Illinois’ biometric privacy law has created liability regime - GulfToday

Illinois’ biometric privacy law has created liability regime

Representational image.

Representational image.

Jim Harper, Tribune News Service

The Illinois Supreme Court recently issued a ruling that exposes the White Castle burger chain to as much as $17 billion in liability because it didn’t get explicit permission from employees to use biometric controls on its time clocks and computers. But don’t blame the courts for the burger joint’s legal costs. The Illinois legislature’s early and aggressive move to regulate technology in the name of privacy ignored time-honored requirements like proportionality. It’s a lesson for other states and for Congress, which should not follow Illinois’ lead.

Statutes of limitations keep stale controversies out of the courts. In defending against the charge that it violated the rights of some 9,500 current and former employees by using biometric controls without their explicit permission, White Castle has argued that the lead plaintiff in the case took more than a decade to complain. If the offense is getting access to her fingerprint data contrary to the rules in the Illinois Biometric Information Privacy Act, it happened too long ago for her to sue. But Latrina Cothron, a Chicago-based White Castle manager, argues that White Castle committed a new offense with each collection of her fingerprint in the absence of the specific agreement the Illinois statute requires.

The court decided that she is right. It reads the statute as creating a new offense every time an employee’s biometric is collected. Every single workday, sometimes multiple times per day.

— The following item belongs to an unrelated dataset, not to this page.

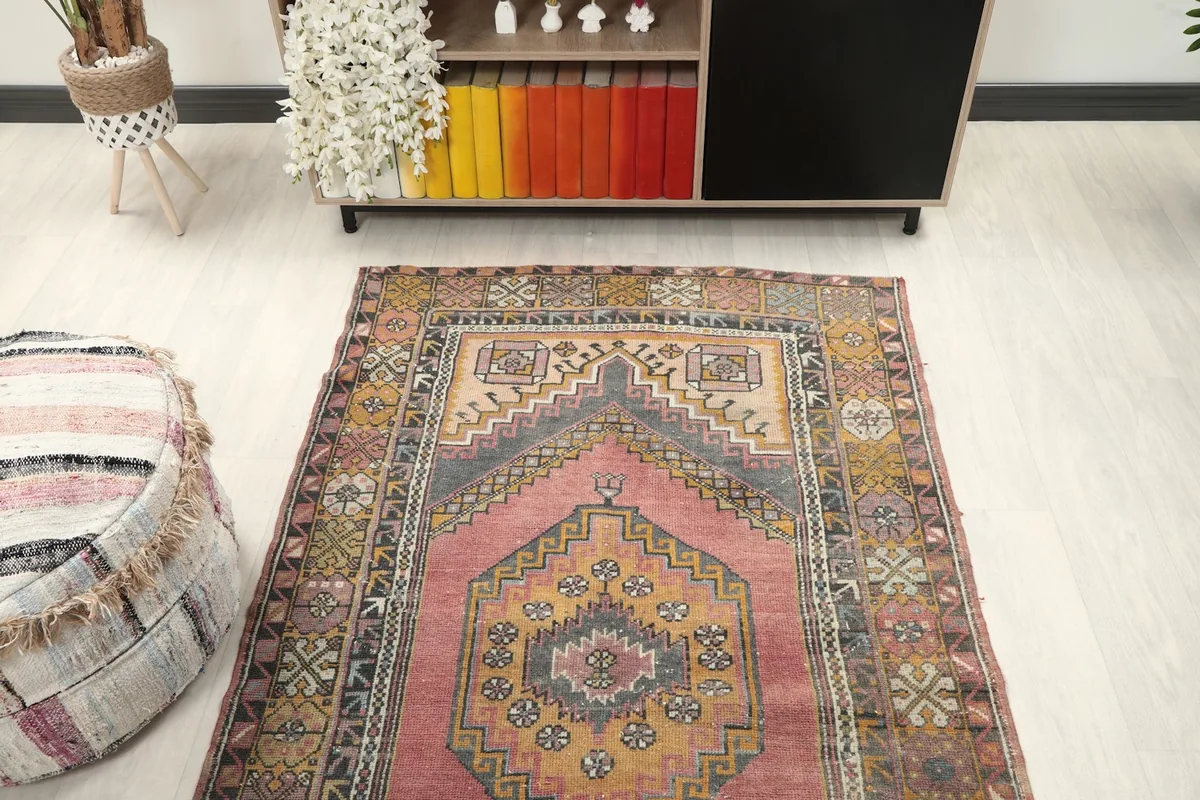 Overhead view of the rug in a room, showing the full design and surrounding decor.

If that’s true about when Cothron’s complaints accrue, it’s true as to how many offenses White Castle has committed. White Castle may have collected millions of fingerprint scans across its stores in Illinois. The state legislature set out “liquidated damages” of $1,000 to $5,000 for each violation. That means many billions of dollars in potential liability for White Castle.

Were Cothron and her White Castle colleagues harmed by the gathering of their fingerprints? Not in any real sense. There’s no suggestion in the case that they have suffered emotionally or financially or that their biometric data has been compromised or used wrongly. The only thing White Castle has done is fail to get Cothron’s explicit permission, a paperwork violation. To protect privacy in that very small sense, or perhaps to thwart unknown risks of using biometrics, the Illinois legislature created a massive liability regime.

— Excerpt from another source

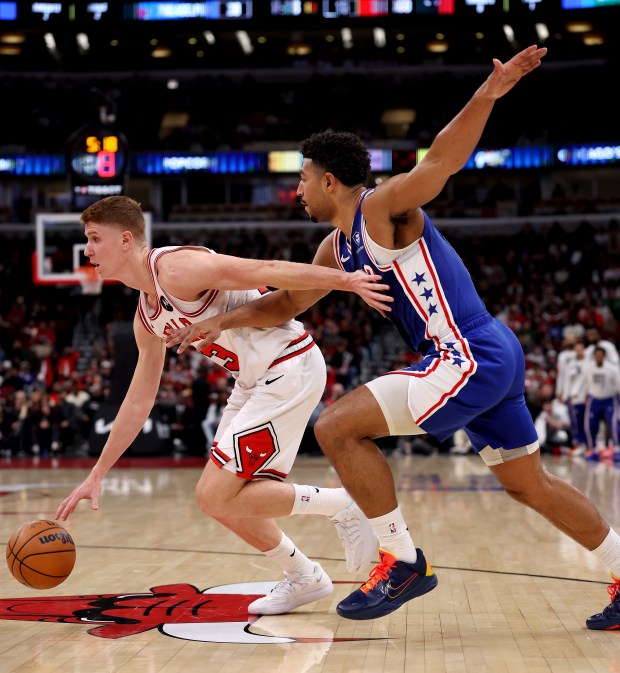 Chicago Bulls guard/forward Kevin Huerter (13) drives on Philadelphia 76ers guard Quentin Grimes (5) in the first half of a game at the United Center in Chicago on Nov. 4, 2025. (Chris Sweda/Chicago Tribune)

It doesn’t have to be this way.

The American law alternative, which doesn’t require legislation at all, is requiring compensation for wrongs that cause harm. If White Castle permitted a breach of biometric data and that resulted in economic losses, for example, White Castle should rightly fork over for it. General liability rules like that allow society to carefully tune the balance between new technologies that may secure a business’s data and systems, as in this case, and the privacy and security risks they entail. But in their urgency to get technology “under control,” many advocates and legislatures are arguing for heavy penalties even where no harm or damage can be shown. That rings of the “precautionary principle,” preferred in Europe, which says that new processes and products can’t be used unless they are first proved safe.

Banning new technology or hemming in its use with heavy paperwork penalties cuts off avenues of innovation and economic growth. We would all like more security and privacy, but these things are traded off for other goods we like, including inexpensive burgers.

The Illinois Supreme Court pointed out in its opinion that there are several ways the actual damage award against White Castle may be curtailed. One’s immediate instincts are that liability controls should kick in so that any award is just. But doing that would tell legislators in Illinois, and those in other states looking on, that their excesses don’t have any political costs.

Maybe Illinoisans should pay double for their burgers or lose access to them altogether. Maybe they should ask their legislators just what they were thinking when they set White Castle up for a multibillion-dollar paperwork penalty.

Passage of the Illinois Biometric Information Privacy Act made the Land of Lincoln a “leader” in regulating biometrics. But it’s an example other states have not followed, for good reason.

The difficult work of balancing multidimensional values like privacy against new uses of technology is not done with sledgehammers.